=== What this task involves ===
Without adding anything, give again the lines from the one holding "SPARK MODEL S2447" through the final line of the records, exactly, with both ends included and pictures dropped.

=== Source data ===
※ ※ ※

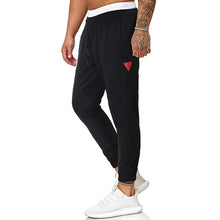 Load image into Gallery viewer, Adisputent Autumn Men&#39;s Trousers Bodybuilding streetwear Sports Pants Sweatpants joggers Running Sports Men Solid Zipper Pocket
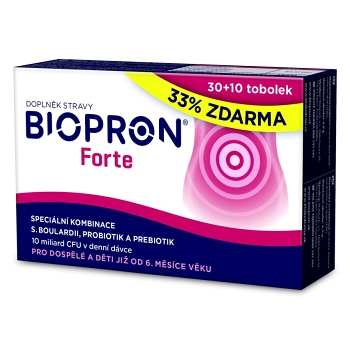BIOPRON Forte 30 + 10 tobolek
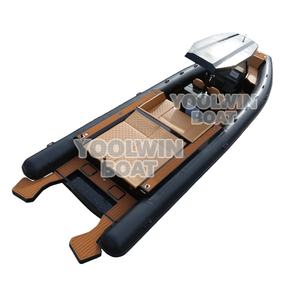 960 Luxe Recreatiejacht Diep-V Gestapeld Aluminium Romp Starre Romp en Opblaasbare Boot (RIB's) voor Toerisme/Waterskiën - Product Image 2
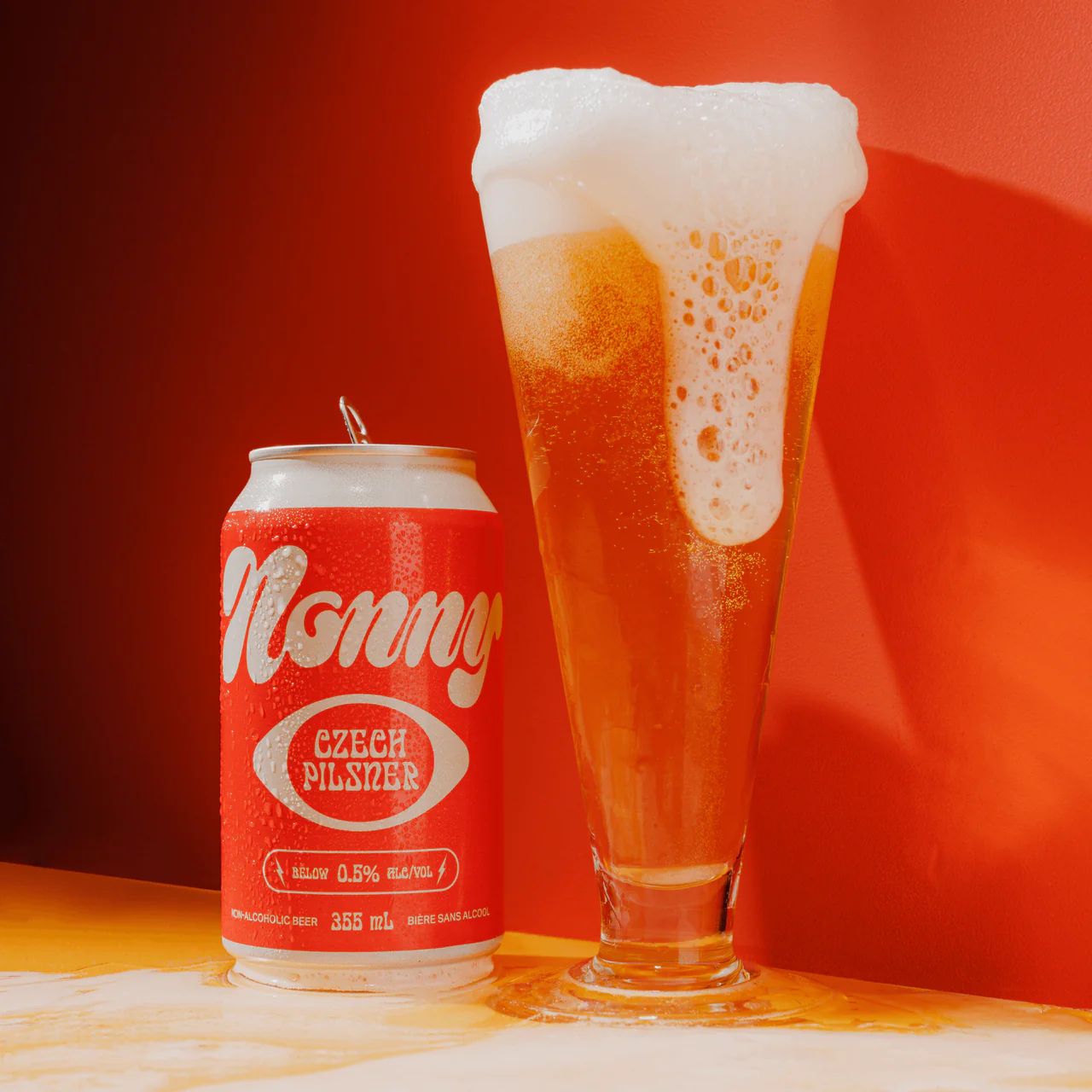 Nonny Czech Pilsner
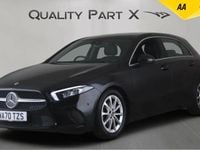 Used Mercedes A180 Executive 136 HP (100 kW) 2020 Black Hatchback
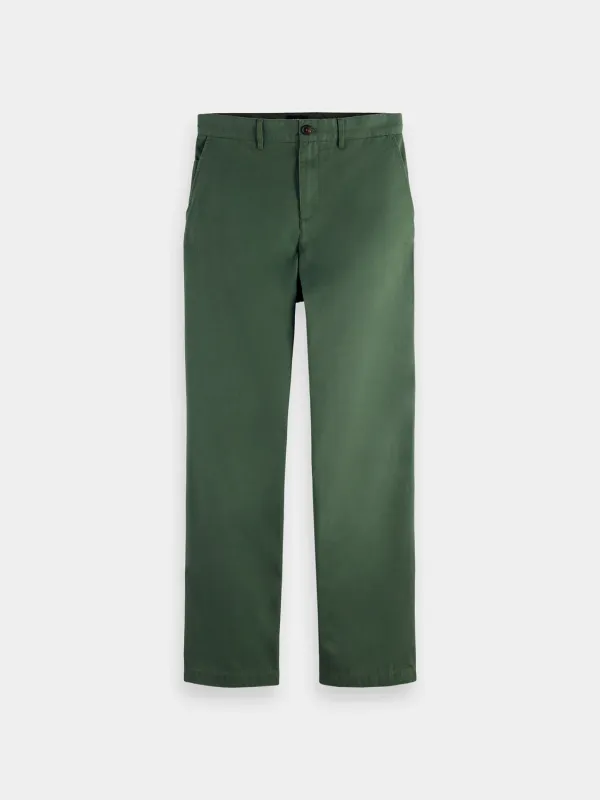 Straight fit twill chinos sold by Scotch and Soda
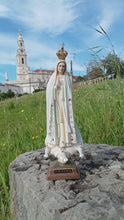 Load and play video in Gallery viewer, Our Lady of Fatima [ 9.9'' | 25cm ]
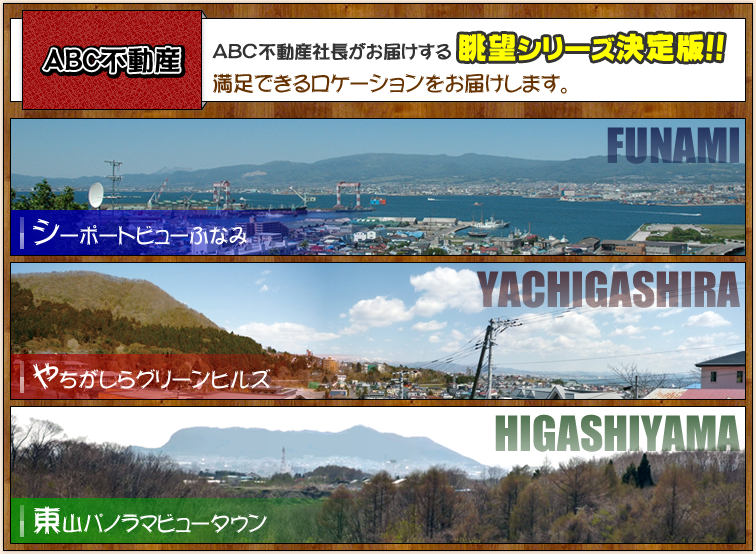 ABC�s���Y�В������͂����� ���]�V���[�Y�����!! �����ł��郍�P�[�V���������͂����܂��B�V�[�|�[�g�r���[�ӂȂ� �₿������O���[���q���Y ���R�p�m���}�r���[�^�E��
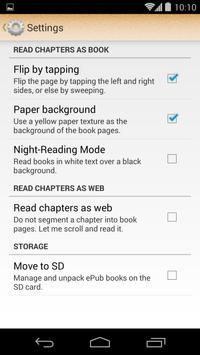 ePub Reader for Android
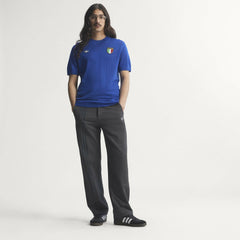 Italy National Team 1970s Fashion Jersey Blue - Adidas outlet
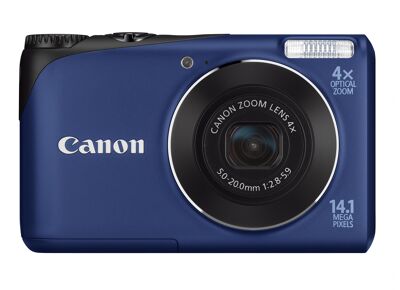 Appareils photos numériques CANON PowerShot A2200 Bleu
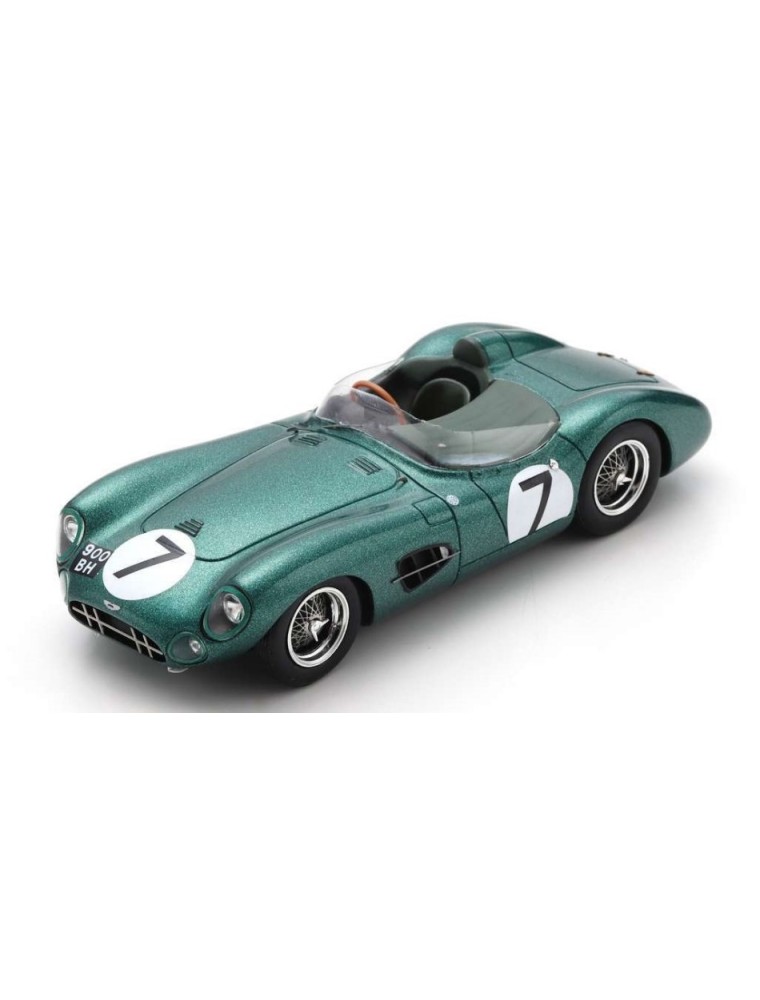 SPARK MODEL S2447 ASTON MARTIN DBR1 N.7 LM 1959 G.WHITEHEAD-B.NAYLOR 1:43 Modellino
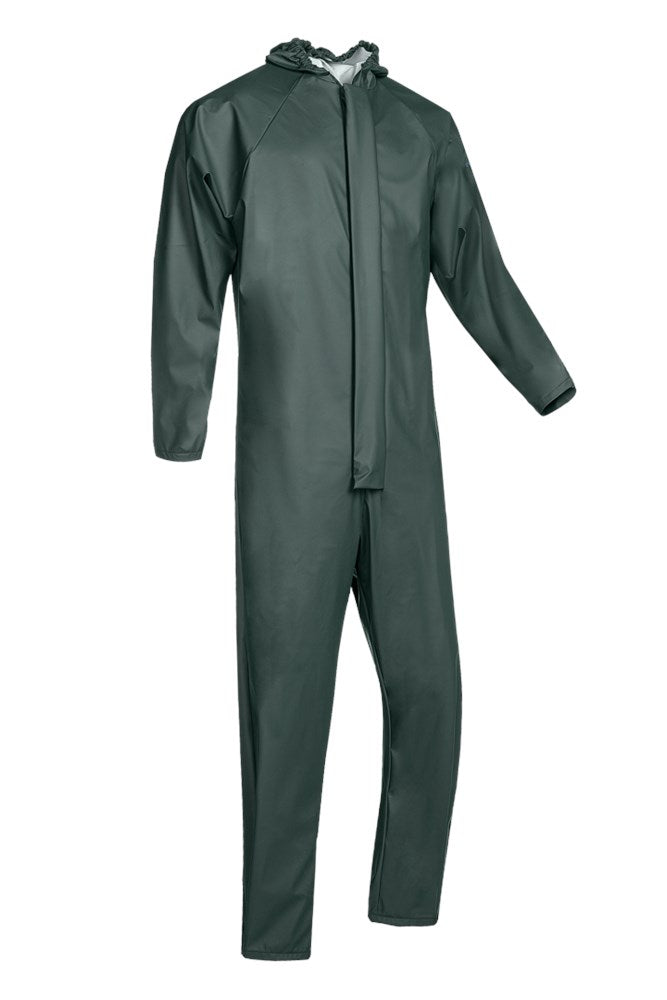 6218 Overall Herford groen kaki S
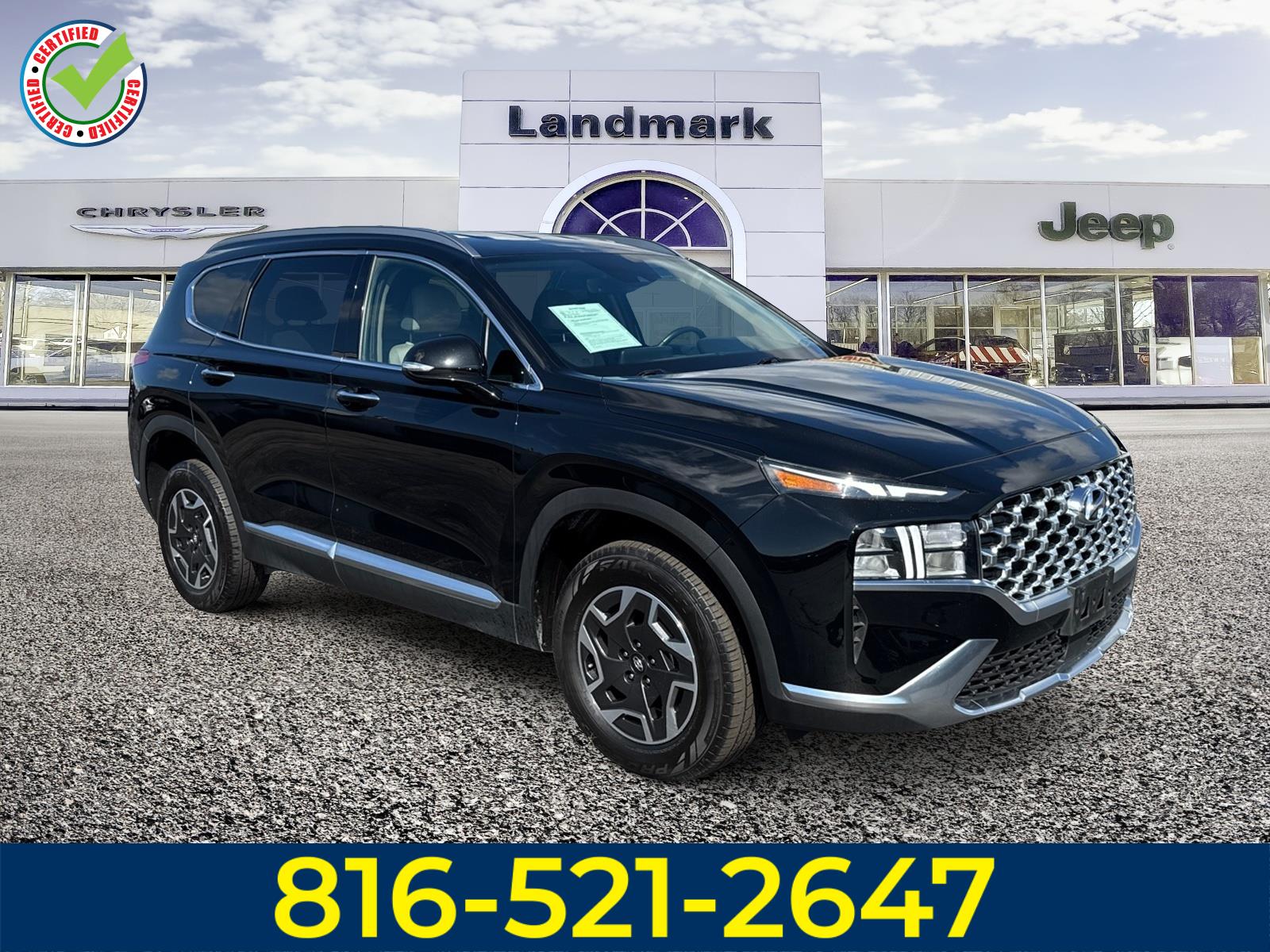 2023 Hyundai Santa Fe Blue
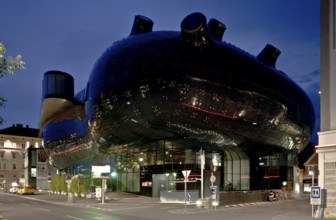 Kunsthaus, view from the north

※ ※ ※

=== Finished exercise ===
 SPARK MODEL S2447 ASTON MARTIN DBR1 N.7 LM 1959 G.WHITEHEAD-B.NAYLOR 1:43 Modellino
 6218 Overall Herford groen kaki S
 2023 Hyundai Santa Fe Blue
 Kunsthaus, view from the north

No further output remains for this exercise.